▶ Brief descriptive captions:
++++++++
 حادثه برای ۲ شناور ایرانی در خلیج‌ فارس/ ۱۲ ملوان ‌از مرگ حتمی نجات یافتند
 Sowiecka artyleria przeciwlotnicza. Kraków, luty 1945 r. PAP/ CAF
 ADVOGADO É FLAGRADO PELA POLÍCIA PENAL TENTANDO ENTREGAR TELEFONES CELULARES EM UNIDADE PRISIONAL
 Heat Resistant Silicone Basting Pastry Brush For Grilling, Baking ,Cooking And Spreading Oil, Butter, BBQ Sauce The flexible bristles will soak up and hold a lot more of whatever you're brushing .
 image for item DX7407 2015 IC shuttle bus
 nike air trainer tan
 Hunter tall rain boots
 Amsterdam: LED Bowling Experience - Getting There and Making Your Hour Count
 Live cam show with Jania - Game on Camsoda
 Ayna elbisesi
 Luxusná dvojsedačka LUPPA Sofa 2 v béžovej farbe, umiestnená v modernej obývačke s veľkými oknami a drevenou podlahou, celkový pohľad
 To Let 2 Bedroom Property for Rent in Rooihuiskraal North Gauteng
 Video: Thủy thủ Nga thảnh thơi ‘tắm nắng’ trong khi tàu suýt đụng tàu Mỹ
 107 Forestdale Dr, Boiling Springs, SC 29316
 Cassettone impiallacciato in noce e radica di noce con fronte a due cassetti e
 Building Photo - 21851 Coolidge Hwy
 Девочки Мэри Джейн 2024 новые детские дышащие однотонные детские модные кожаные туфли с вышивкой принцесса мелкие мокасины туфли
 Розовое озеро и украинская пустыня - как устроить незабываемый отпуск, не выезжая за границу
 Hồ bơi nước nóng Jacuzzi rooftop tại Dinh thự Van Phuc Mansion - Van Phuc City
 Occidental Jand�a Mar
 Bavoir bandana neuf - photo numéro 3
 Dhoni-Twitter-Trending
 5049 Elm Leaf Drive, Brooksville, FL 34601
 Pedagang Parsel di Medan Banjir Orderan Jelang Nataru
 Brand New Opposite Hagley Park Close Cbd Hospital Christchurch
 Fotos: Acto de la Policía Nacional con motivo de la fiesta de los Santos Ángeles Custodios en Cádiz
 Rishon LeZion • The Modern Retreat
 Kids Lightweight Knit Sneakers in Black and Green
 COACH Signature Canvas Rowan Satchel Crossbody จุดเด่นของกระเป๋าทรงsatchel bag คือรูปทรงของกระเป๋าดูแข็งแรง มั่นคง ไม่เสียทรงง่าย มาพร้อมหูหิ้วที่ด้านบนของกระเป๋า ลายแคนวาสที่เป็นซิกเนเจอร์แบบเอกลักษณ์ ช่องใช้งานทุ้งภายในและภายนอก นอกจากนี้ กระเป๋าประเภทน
++++++++
▶ EXERCISE: Take the entries above and return only the lines from the one with "Fotos: Acto de" to the one with "Kids Lightweight Knit", both included, unchanged.

▶ RESPONSE TO THE EXERCISE:
 Fotos: Acto de la Policía Nacional con motivo de la fiesta de los Santos Ángeles Custodios en Cádiz
 Rishon LeZion • The Modern Retreat
 Kids Lightweight Knit Sneakers in Black and Green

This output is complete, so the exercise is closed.